Exponential technology democratised access to timely, accurate data and to products and services, creating new patterns of consumer behavior. New technologies have also disrupted the value chain and what it means to create value for customers and capture this value. Digitally empowered value chains allow exponential companies, too. Innovative startups raise to success at unprecedented speed. Companies like Airbnb, Jet, Lyft, Snap… reached an evaluation of $1bn in 3 years.
So, what are these companies that succeed during the 4th industrial revolution?
In my research on the organizations that dominate the 4th industrial revolution, I’ve identified some critical common features. I call these organizations C.L.E.V.E.R., because they are based on 6 building blocks that sets them apart from the old organizations. Here they are:
Collaborative Intelligence. CLEVER companies leverage the intelligence of large numbers of people. Even better: they leverage the intelligence of large numbers of both people and computers! Think of Wikipedia, where millions of people create great content based on their unique expertise and computer bots verify that there is no plagiarism or uncensored content. This collaboration disrupted encyclopaedias they way we knew them — and especially they changed the frequency and the way people use them! In short, it redefined creation!

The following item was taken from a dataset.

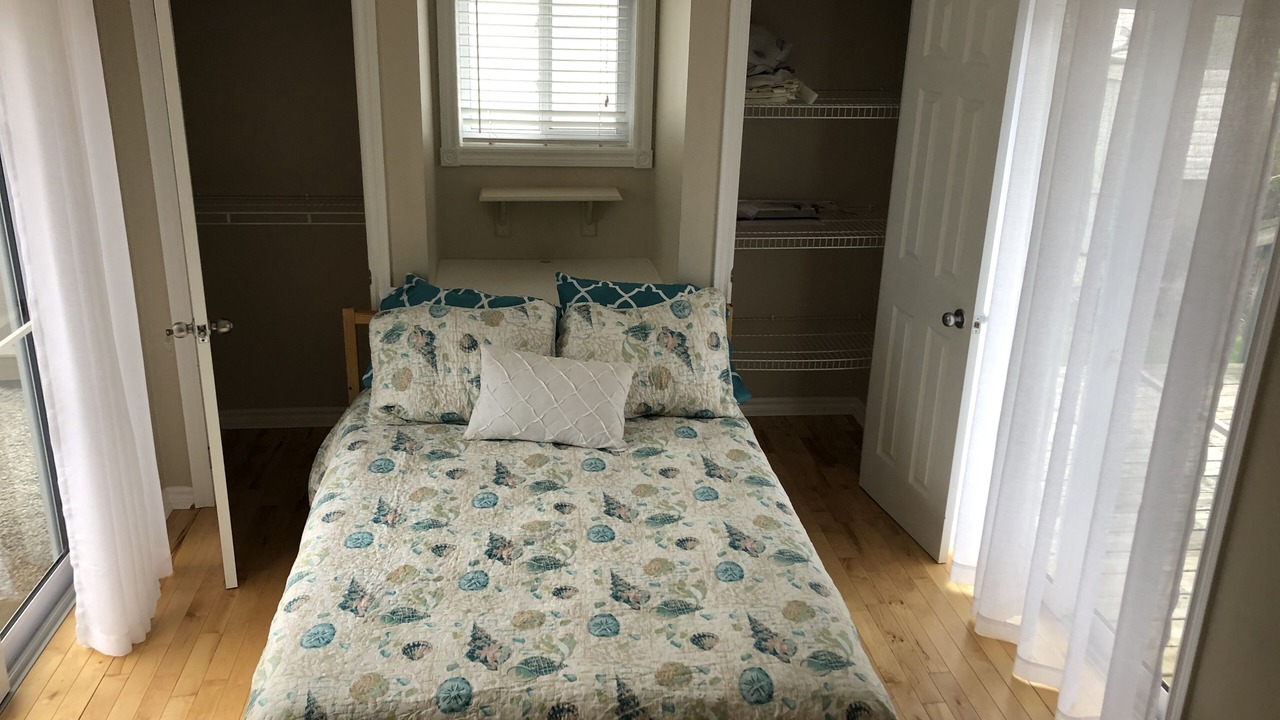 Photo of Bedroom in Port Stanley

Learning Machines. CLEVER companies are based on artificial systems that learn from large amounts of data and predict the future, so that we can be better prepared for it. For example, Netflix predicts which movies people will like to watch and produce them. More interestingly, we can now predict with 82% accuracy if a diabetic patient will have an acute crisis that requires hospitalisation one year in advance… We can change his treatment now, to prevent it. This redefines decision making!
Emerging Technologies. CLEVER companies improve at exponential rates, like I was explaining earlier. This redefines progress!

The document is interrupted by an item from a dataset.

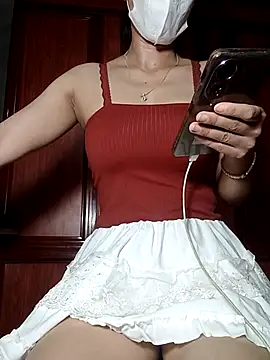 Snapshot of LenaCii chatting on 10.15.25 LenaCii online show from 10.15.25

Value Facilitation. I’m sure you’ve heard puzzling questions like: How come Uber, the largest taxi company in the world, owns no taxis? Or how is it possible that Airbnb, the largest accommodation provider in the world, owns no real estate? Easy: because CLEVER companies create platforms, which facilitate the meeting of supply and demand. Consumers and providers find each other on these platforms, and make exchanges that create value. This redefines markets!
Ethical Leadership. The age of ruthless capitalism is also behind us. Companies are still assessed for the their financial results, but they are also increasingly subject to public scrutiny…. CLEVER companies recognise that the biggest business opportunities come from serving unmet needs for large populations… and these populations include billions of farmers without proper access to markets for their produce; displaced migrants without access to education, or unemployed women in rural areas. Serving these marginalised consumers makes good business sense. It also ensures an overall positive impact on society. This redefines value!

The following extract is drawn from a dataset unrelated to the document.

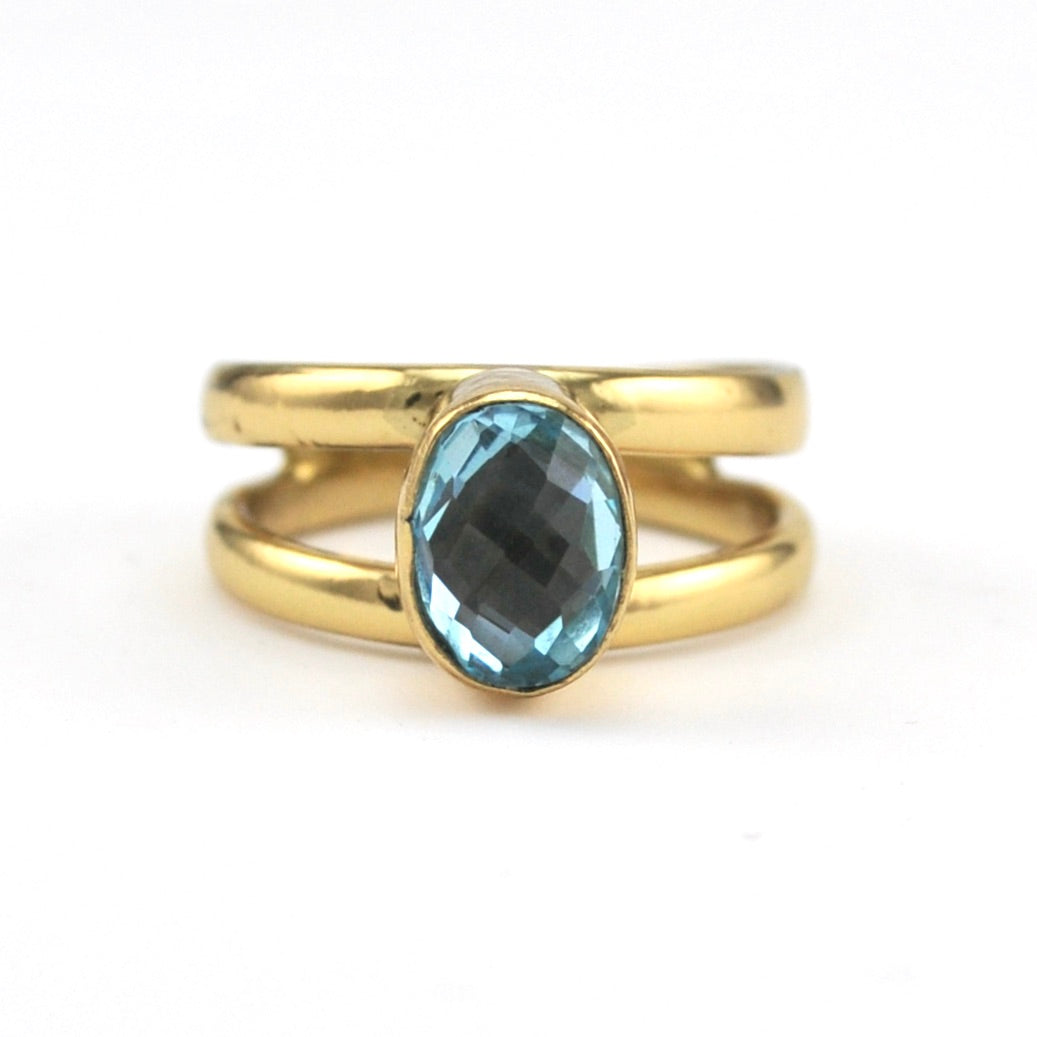 Alchemía Blue Topaz Oval Ring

Responsive Design. CLEVER companies don’t sit down and invent cool gadgets for their own sake. They invest time and resources to understand the emerging needs of their customers and then they develop products and services that directly respond to these needs. How many of you have a Segway? Do you know, the personal transportation device? It was invented in the early 90’s, patented in 1997, developed in secrecy and finally released in 2001 with massive advertisement and hype… and then it failed… because the developers never spent a second thinking if anybody wanted it, and if they wanted it, how would they use it. Successful products are built in partnership with users, not in secrecy. This redefines the boundaries of an organisation!
Put these concepts together and you have a genuinely CLEVER company, ready to take on the challenges of a world that changes exponentially and becomes more unrecognisable every day.